LearnThe Web as a Database

writes on March 4, 2010

One of the things that’s great about the Internet is that it’s open to everyone. There are a million sites, all different, and everyone is free to invent their own way of doing things. Of course, that has left us with a legacy of systems which don’t always work well together.

When you are using a web browser things mostly work because everyone adheres more or less to web standards, or at least the bits major browsers support. When you want to get data from the web to use in your app things aren’t quite as simple.
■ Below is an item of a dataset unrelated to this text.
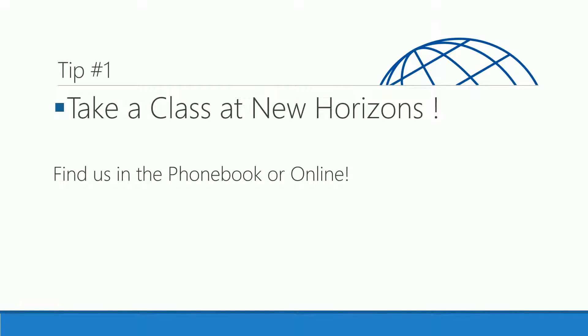Tip number one: take a class at New Horizons. We're easy to find. Find us in the phone book or online. We'd be happy to register you for a course today.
Enter YQL (Yahoo Query Language).

Almost every developer knows about using SQL for getting data from databases. We wanted to do that for the Internet. YQL allows you to access all kinds of information from the internet in a very similar way to the way you would get data using SQL.

A YQL Query

A basic query in YQL is really easy:

select * from search.web where query = "javascript";

The thing we want to do is select all data (*) from Yahoo! search for web pages where the query is the term “javascript”. If you already know SQL it’s obvious, if you don’t it’s still pretty easy to read. In this case what’s happening under the hood is YQL is mapping the request to the search.web table to a pattern to call the Yahoo! BOSS (search) web service. So we are actually making a request, on your behalf, to the url:


A Sample Result

The data is returned in your choice of XML, JSON or JSONP. Like SQL most YQL data tends to be organised as rows of results.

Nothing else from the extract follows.